■ Your task: Every record has to be written out exactly, with no line missing.
+++
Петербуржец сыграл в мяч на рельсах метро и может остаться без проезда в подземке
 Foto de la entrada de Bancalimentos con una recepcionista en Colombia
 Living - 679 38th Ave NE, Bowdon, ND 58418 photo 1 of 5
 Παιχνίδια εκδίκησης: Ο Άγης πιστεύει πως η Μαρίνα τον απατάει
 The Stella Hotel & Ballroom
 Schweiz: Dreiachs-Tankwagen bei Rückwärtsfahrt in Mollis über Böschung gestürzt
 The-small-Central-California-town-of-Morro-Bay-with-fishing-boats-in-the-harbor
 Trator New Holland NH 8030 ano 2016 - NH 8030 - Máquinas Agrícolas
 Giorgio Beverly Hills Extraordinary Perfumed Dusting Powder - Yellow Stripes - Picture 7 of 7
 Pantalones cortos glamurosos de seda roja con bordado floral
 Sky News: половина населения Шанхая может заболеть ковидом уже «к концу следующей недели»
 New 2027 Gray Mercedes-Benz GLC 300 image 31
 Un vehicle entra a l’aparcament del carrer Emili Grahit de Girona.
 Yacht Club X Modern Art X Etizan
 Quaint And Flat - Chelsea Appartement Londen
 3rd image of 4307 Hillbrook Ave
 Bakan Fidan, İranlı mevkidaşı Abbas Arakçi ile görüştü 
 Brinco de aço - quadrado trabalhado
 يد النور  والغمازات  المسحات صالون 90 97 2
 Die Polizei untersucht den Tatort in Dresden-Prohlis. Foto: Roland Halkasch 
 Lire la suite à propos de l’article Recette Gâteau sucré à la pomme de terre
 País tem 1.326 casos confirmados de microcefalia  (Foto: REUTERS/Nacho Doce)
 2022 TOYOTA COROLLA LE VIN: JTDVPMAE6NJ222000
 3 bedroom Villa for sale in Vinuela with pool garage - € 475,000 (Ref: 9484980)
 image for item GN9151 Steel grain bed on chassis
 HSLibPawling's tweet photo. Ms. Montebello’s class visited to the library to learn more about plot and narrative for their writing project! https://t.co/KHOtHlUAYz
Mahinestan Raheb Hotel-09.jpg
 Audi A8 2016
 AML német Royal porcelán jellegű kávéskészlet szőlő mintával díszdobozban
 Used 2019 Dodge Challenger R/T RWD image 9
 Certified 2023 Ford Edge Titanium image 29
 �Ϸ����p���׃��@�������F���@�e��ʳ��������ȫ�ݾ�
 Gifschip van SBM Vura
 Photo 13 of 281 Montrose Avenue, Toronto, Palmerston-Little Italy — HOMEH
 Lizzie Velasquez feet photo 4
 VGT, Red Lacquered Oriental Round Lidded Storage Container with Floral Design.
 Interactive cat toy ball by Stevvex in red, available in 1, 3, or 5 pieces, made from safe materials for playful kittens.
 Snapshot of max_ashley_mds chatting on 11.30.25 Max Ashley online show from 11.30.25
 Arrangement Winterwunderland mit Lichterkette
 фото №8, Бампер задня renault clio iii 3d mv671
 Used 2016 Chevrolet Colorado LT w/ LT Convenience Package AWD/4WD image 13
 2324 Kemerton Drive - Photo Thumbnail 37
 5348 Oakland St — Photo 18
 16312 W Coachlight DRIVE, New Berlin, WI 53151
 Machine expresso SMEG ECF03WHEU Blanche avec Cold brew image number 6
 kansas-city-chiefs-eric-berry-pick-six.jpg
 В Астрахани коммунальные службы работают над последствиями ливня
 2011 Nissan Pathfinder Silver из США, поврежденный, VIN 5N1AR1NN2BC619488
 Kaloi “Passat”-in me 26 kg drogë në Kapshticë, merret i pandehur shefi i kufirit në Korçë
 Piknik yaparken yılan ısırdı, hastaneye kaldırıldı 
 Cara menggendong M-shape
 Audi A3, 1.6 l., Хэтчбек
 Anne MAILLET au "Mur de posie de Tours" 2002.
+++
■ Answer for the task:
Петербуржец сыграл в мяч на рельсах метро и может остаться без проезда в подземке
 Foto de la entrada de Bancalimentos con una recepcionista en Colombia
 Living - 679 38th Ave NE, Bowdon, ND 58418 photo 1 of 5
 Παιχνίδια εκδίκησης: Ο Άγης πιστεύει πως η Μαρίνα τον απατάει
 The Stella Hotel & Ballroom
 Schweiz: Dreiachs-Tankwagen bei Rückwärtsfahrt in Mollis über Böschung gestürzt
 The-small-Central-California-town-of-Morro-Bay-with-fishing-boats-in-the-harbor
 Trator New Holland NH 8030 ano 2016 - NH 8030 - Máquinas Agrícolas
 Giorgio Beverly Hills Extraordinary Perfumed Dusting Powder - Yellow Stripes - Picture 7 of 7
 Pantalones cortos glamurosos de seda roja con bordado floral
 Sky News: половина населения Шанхая может заболеть ковидом уже «к концу следующей недели»
 New 2027 Gray Mercedes-Benz GLC 300 image 31
 Un vehicle entra a l’aparcament del carrer Emili Grahit de Girona.
 Yacht Club X Modern Art X Etizan
 Quaint And Flat - Chelsea Appartement Londen
 3rd image of 4307 Hillbrook Ave
 Bakan Fidan, İranlı mevkidaşı Abbas Arakçi ile görüştü 
 Brinco de aço - quadrado trabalhado
 يد النور  والغمازات  المسحات صالون 90 97 2
 Die Polizei untersucht den Tatort in Dresden-Prohlis. Foto: Roland Halkasch 
 Lire la suite à propos de l’article Recette Gâteau sucré à la pomme de terre
 País tem 1.326 casos confirmados de microcefalia  (Foto: REUTERS/Nacho Doce)
 2022 TOYOTA COROLLA LE VIN: JTDVPMAE6NJ222000
 3 bedroom Villa for sale in Vinuela with pool garage - € 475,000 (Ref: 9484980)
 image for item GN9151 Steel grain bed on chassis
 HSLibPawling's tweet photo. Ms. Montebello’s class visited to the library to learn more about plot and narrative for their writing project! https://t.co/KHOtHlUAYz
Mahinestan Raheb Hotel-09.jpg
 Audi A8 2016
 AML német Royal porcelán jellegű kávéskészlet szőlő mintával díszdobozban
 Used 2019 Dodge Challenger R/T RWD image 9
 Certified 2023 Ford Edge Titanium image 29
 �Ϸ����p���׃��@�������F���@�e��ʳ��������ȫ�ݾ�
 Gifschip van SBM Vura
 Photo 13 of 281 Montrose Avenue, Toronto, Palmerston-Little Italy — HOMEH
 Lizzie Velasquez feet photo 4
 VGT, Red Lacquered Oriental Round Lidded Storage Container with Floral Design.
 Interactive cat toy ball by Stevvex in red, available in 1, 3, or 5 pieces, made from safe materials for playful kittens.
 Snapshot of max_ashley_mds chatting on 11.30.25 Max Ashley online show from 11.30.25
 Arrangement Winterwunderland mit Lichterkette
 фото №8, Бампер задня renault clio iii 3d mv671
 Used 2016 Chevrolet Colorado LT w/ LT Convenience Package AWD/4WD image 13
 2324 Kemerton Drive - Photo Thumbnail 37
 5348 Oakland St — Photo 18
 16312 W Coachlight DRIVE, New Berlin, WI 53151
 Machine expresso SMEG ECF03WHEU Blanche avec Cold brew image number 6
 kansas-city-chiefs-eric-berry-pick-six.jpg
 В Астрахани коммунальные службы работают над последствиями ливня
 2011 Nissan Pathfinder Silver из США, поврежденный, VIN 5N1AR1NN2BC619488
 Kaloi “Passat”-in me 26 kg drogë në Kapshticë, merret i pandehur shefi i kufirit në Korçë
 Piknik yaparken yılan ısırdı, hastaneye kaldırıldı 
 Cara menggendong M-shape
 Audi A3, 1.6 l., Хэтчбек
 Anne MAILLET au "Mur de posie de Tours" 2002.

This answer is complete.